_YOUR TASK_
No pictures go into the copy. Write out every line below exactly.

_DATASET EXTRACT_
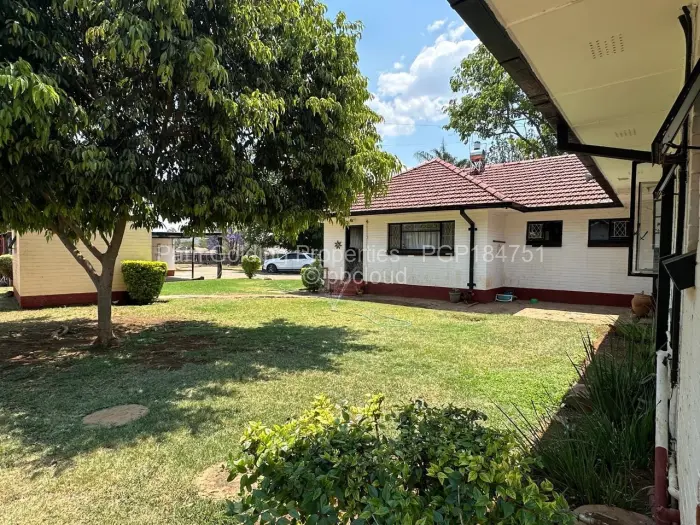 4 Bedroom House for Sale in Riverside North, Bulawayo
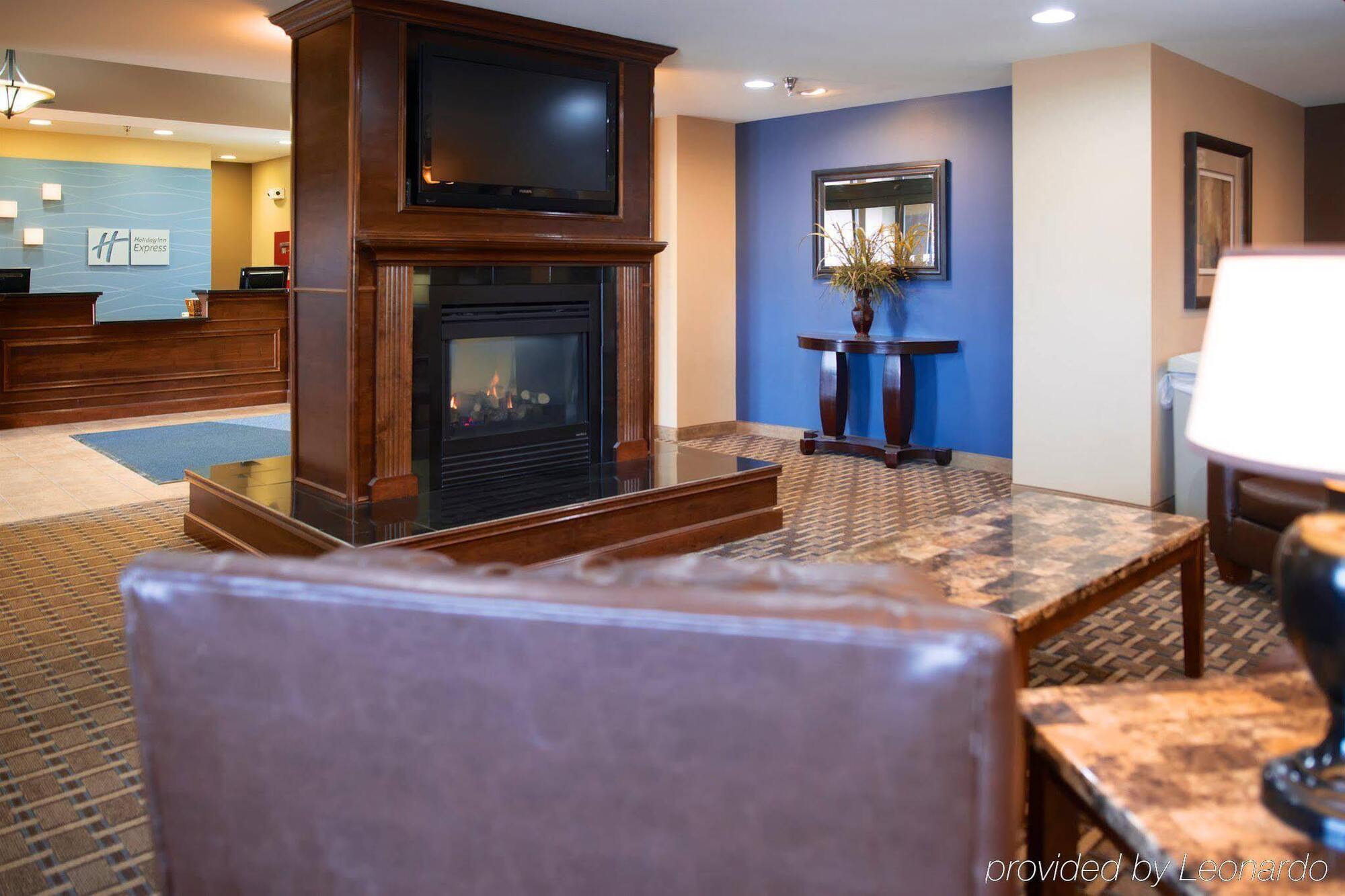 Holiday Inn Express Devils Lake By Ihg Zewnętrze zdjęcie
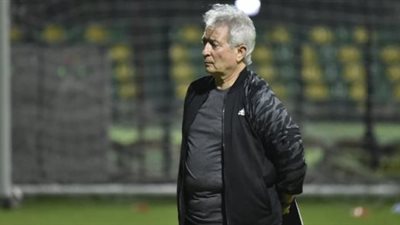 حلمي طولان يعلن تشكيل إنبي استعدادًا لمواجهة سموحة بالدوري الممتاز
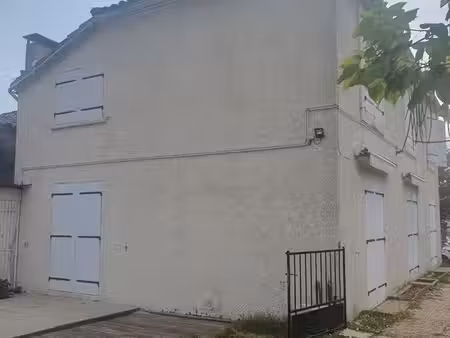 maison mitoyenne avec jardin clôturé 4 pièces - 102m² - bazas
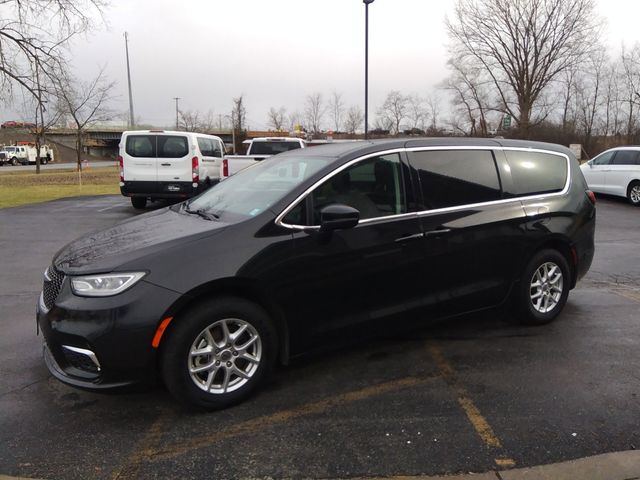 2023 Chrysler Pacifica Touring-L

_EXERCISE ANSWER_
 4 Bedroom House for Sale in Riverside North, Bulawayo
 Holiday Inn Express Devils Lake By Ihg Zewnętrze zdjęcie
 حلمي طولان يعلن تشكيل إنبي استعدادًا لمواجهة سموحة بالدوري الممتاز
 maison mitoyenne avec jardin clôturé 4 pièces - 102m² - bazas
 2023 Chrysler Pacifica Touring-L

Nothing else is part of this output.